To this replication the defendant demurs specially; and I am inclined to think that some of the special causes assign*351eci are well founded. The plaintiff must shew that he was dispossessed of the goods and chattels, &c. after claim of property was made, and notice thereof given to the defendant. The defendant, in his rejoinder to the plaintiff’s replication to the 2d plea, expressly avers, that after the plaintiff claimed the said goods and chattels, he carried them away • safely, and securely put and placed them in an adjoining building. Upon the "demurrer to that rejoinder, therefore, the fact of taking away after claim and notice was admitted. But the plaintiff’s replication to the 7th plea does not state with precision when the claim of property was made and notice thereof given to the defendant. The only designation of the time, is the time mentioned in the first count of the declaration ; and there is no averment that the taking and carrying away complained of was after such claim and notice.

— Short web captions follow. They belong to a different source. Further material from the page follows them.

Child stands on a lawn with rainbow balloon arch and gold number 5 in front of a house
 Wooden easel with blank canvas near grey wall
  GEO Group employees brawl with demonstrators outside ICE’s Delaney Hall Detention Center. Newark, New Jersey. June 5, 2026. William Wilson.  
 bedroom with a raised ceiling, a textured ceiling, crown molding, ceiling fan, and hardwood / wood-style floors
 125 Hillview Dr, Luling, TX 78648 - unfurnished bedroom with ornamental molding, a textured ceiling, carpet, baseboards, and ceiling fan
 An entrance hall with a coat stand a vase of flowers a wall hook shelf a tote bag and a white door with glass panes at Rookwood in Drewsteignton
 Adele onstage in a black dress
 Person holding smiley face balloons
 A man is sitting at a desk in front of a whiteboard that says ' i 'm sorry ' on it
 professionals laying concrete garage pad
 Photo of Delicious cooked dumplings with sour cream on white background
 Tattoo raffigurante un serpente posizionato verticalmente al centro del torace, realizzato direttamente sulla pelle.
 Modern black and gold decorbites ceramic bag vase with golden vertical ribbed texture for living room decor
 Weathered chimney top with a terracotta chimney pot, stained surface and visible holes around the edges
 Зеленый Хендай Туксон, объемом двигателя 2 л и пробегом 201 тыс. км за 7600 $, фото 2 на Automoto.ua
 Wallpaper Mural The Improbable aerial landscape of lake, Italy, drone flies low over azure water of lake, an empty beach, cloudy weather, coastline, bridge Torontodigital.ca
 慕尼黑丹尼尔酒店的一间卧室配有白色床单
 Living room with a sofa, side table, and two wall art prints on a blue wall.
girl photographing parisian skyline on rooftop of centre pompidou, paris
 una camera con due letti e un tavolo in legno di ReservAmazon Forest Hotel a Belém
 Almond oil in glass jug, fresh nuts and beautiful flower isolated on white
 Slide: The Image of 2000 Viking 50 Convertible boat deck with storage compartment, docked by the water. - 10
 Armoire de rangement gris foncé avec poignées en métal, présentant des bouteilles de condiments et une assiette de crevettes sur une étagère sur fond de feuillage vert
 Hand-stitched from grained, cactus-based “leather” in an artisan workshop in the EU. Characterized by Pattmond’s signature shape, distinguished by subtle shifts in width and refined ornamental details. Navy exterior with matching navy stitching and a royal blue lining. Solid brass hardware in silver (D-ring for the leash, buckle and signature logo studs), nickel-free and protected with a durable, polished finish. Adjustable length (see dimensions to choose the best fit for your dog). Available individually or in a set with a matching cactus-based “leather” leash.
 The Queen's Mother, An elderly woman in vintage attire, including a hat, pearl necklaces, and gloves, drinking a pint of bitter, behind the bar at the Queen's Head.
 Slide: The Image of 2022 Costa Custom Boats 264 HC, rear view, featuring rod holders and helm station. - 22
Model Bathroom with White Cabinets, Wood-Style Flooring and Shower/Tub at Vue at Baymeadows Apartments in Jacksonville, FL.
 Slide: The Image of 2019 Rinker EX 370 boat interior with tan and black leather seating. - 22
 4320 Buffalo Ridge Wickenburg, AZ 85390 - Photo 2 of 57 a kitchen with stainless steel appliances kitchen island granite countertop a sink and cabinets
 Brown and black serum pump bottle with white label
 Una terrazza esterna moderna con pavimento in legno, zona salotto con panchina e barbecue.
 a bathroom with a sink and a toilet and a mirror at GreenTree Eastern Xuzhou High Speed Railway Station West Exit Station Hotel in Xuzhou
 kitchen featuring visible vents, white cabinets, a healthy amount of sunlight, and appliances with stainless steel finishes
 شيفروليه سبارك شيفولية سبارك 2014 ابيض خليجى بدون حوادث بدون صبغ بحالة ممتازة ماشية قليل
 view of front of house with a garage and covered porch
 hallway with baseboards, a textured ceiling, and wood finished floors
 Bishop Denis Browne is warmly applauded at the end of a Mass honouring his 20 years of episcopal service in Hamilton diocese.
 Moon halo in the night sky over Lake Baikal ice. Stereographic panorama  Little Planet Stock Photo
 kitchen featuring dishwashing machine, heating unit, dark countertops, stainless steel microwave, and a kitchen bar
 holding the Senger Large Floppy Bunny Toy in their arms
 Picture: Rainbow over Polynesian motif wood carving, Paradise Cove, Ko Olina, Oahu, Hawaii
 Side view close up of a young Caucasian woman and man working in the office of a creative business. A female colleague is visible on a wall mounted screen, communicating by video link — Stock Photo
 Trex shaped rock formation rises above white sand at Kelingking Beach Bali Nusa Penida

This, I think, is too vague. The material point in the issue is the fact of claim and notice before deliverance, and the plaintiff ought to designate the time, so that the defendant can take issue directly upon it. The time is in this case material. It ought to appear distinctly that the defendant, after claim and notice, proceeded to make deliverance and dispossess the plaintiff. In this respect, the replication to the 7th plea is defective upon special demurrer, and the defendant is entitled to judgment, with leave to the plaintiff to amend on payment of costs.

Judgment for plaintiff, on demurrer to the defendant’s rejoinder to the replication to the 2d plea.

Judgment for defendant, on special demurrer to the plaintiff’s replication to the 7th plea, with leave to the plaintiff to amend, on payment of costs.